Start of Block
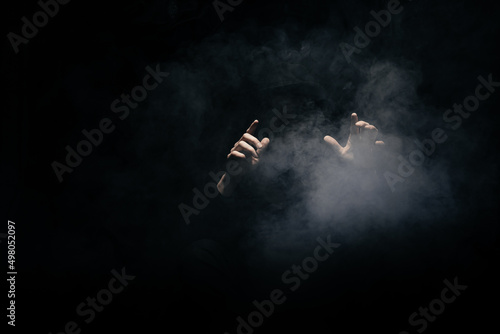 smoke clouds arround man with a hat on dark background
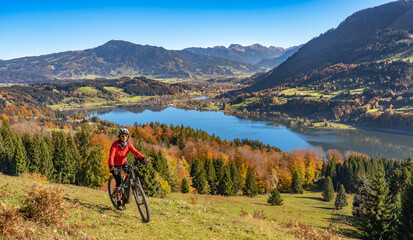 nice  woman with electric mountain bike enjoying the view over lake  Alpsee in atumnal atmosphere  in the Allgaeu alps above  Immenstadt, Bavarian Alps, 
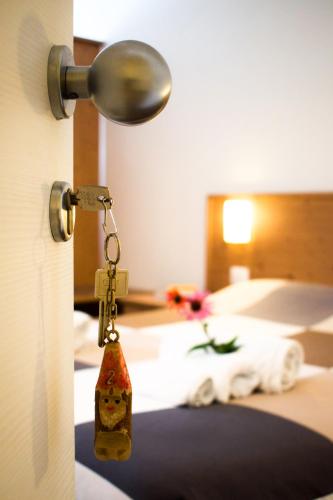 a key hanging from a door with a bed at Agriturismo Monte Del Re in San Pietro al Natisone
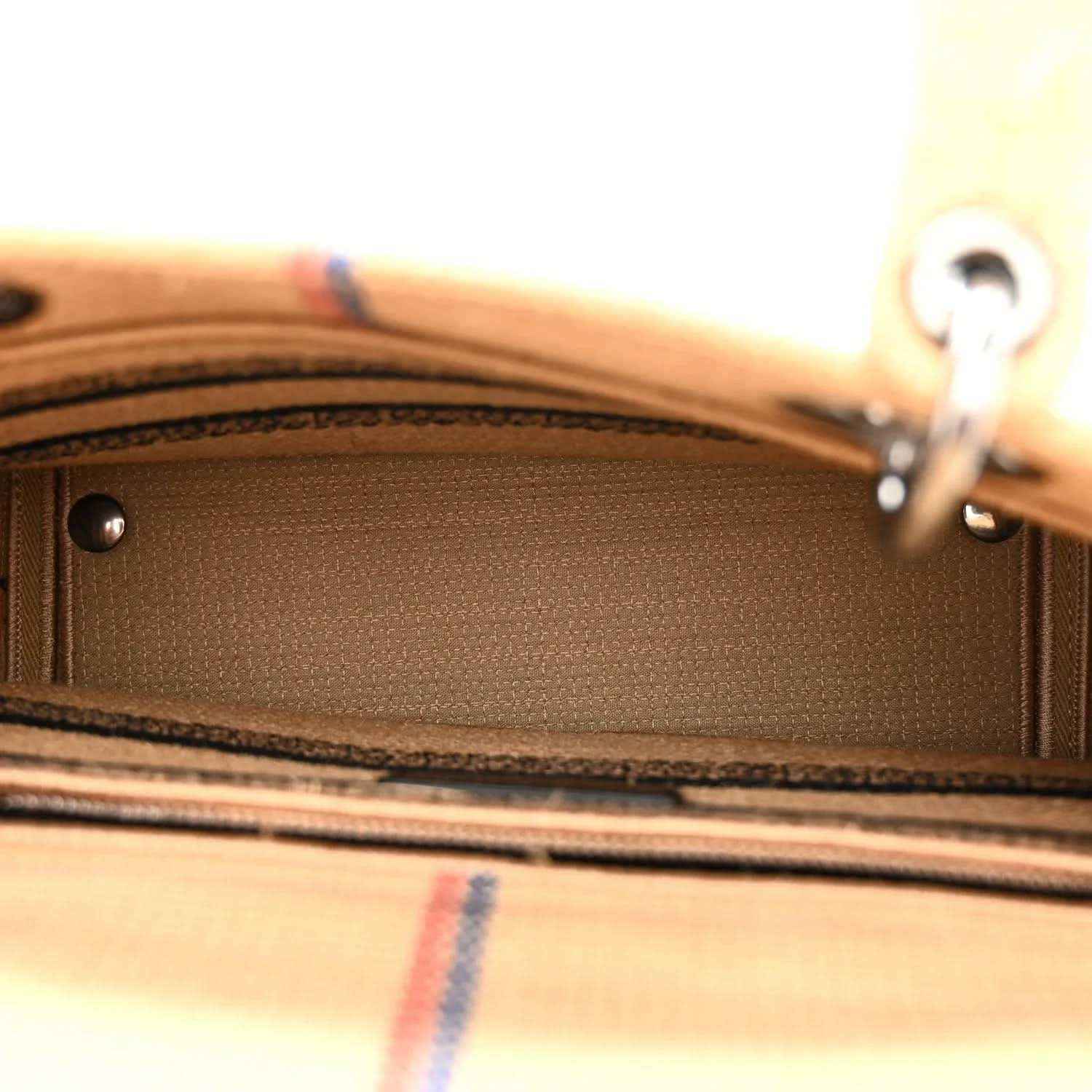 Beige jute tote bag interior edge with stitched seam and metal hardware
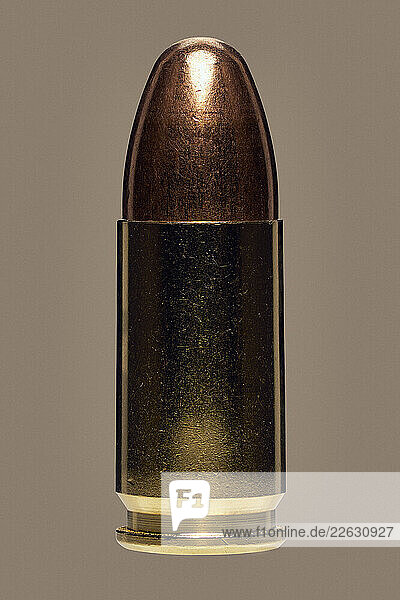 Close up studio shot 9 x 19mm bullet on brown background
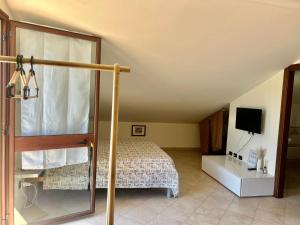 a bedroom with a bed and a tv in it at AgroVerde Apartment a 10 minuti da Alghero in Tottubella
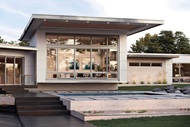 Exterior of home with Marvin Modern casement and awning windows and Multi-slide Door 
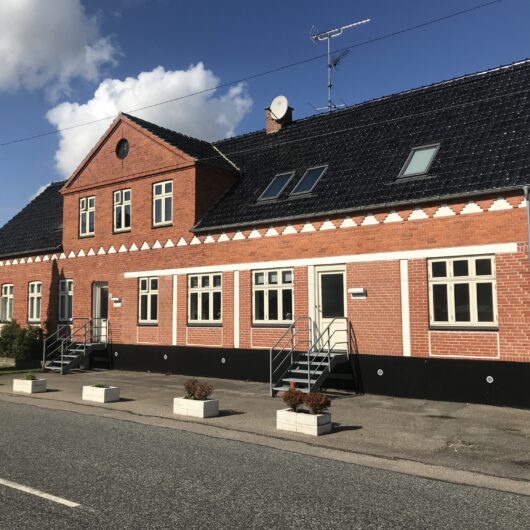 Rødt to-etagers murstenshus med sort saddeltag og hvide vinduesrammer set fra fortovet; to metaltrapper fører op til indgangsdøre, og satellitantenner sidder på taget. Blå himmel med få hvide skyer og fire hvide plantekasser står langs fortovets kant.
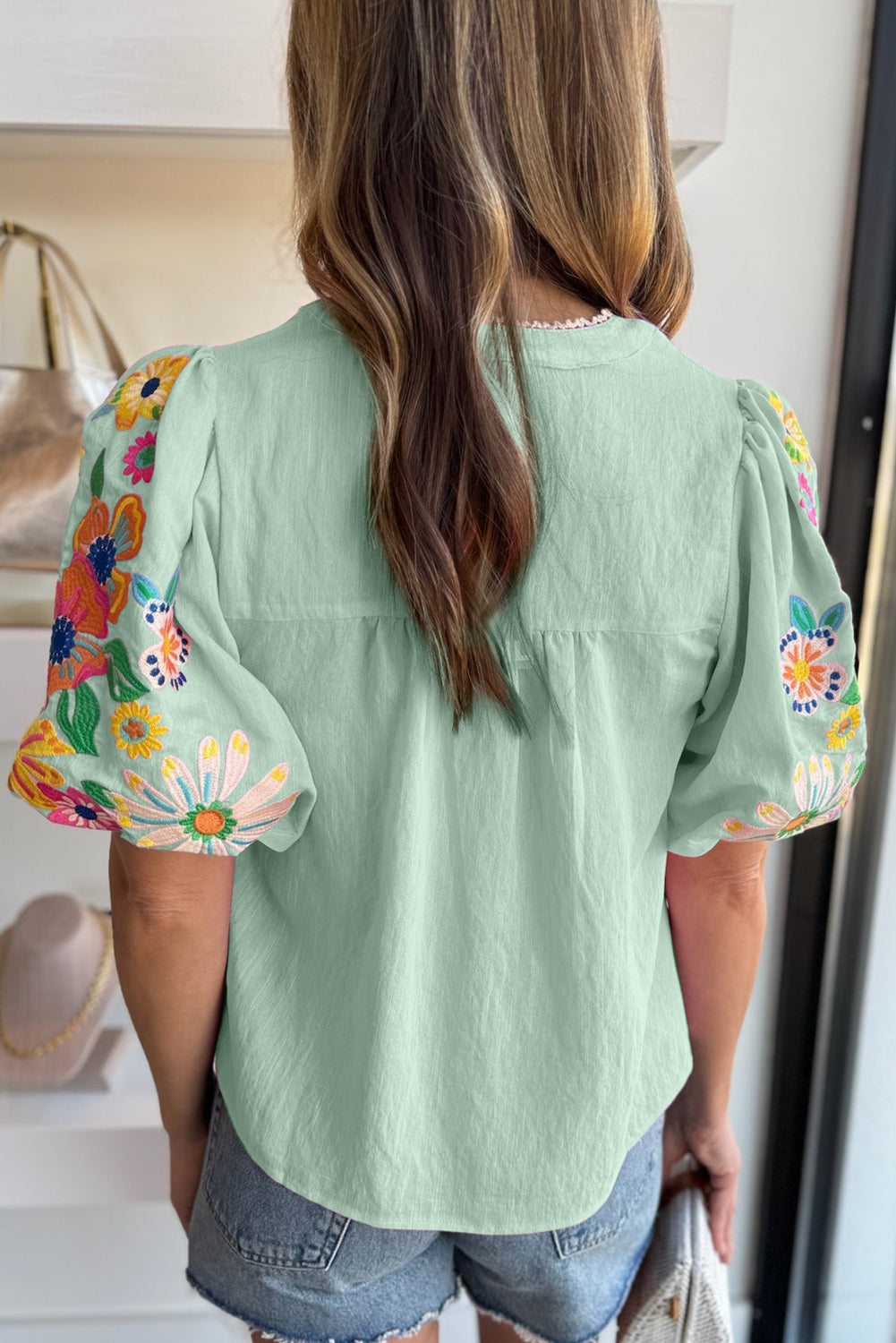 Person wearing a green top with floral sleeves in a kitchen setting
End of Block
**What to produce:** Transcribe everything above exactly. Do not include the pictures.

**Response below:**
 smoke clouds arround man with a hat on dark background
 nice  woman with electric mountain bike enjoying the view over lake  Alpsee in atumnal atmosphere  in the Allgaeu alps above  Immenstadt, Bavarian Alps, 
 a key hanging from a door with a bed at Agriturismo Monte Del Re in San Pietro al Natisone
 Beige jute tote bag interior edge with stitched seam and metal hardware
 Close up studio shot 9 x 19mm bullet on brown background
 a bedroom with a bed and a tv in it at AgroVerde Apartment a 10 minuti da Alghero in Tottubella
 Exterior of home with Marvin Modern casement and awning windows and Multi-slide Door 
 Rødt to-etagers murstenshus med sort saddeltag og hvide vinduesrammer set fra fortovet; to metaltrapper fører op til indgangsdøre, og satellitantenner sidder på taget. Blå himmel med få hvide skyer og fire hvide plantekasser står langs fortovets kant.
 Person wearing a green top with floral sleeves in a kitchen setting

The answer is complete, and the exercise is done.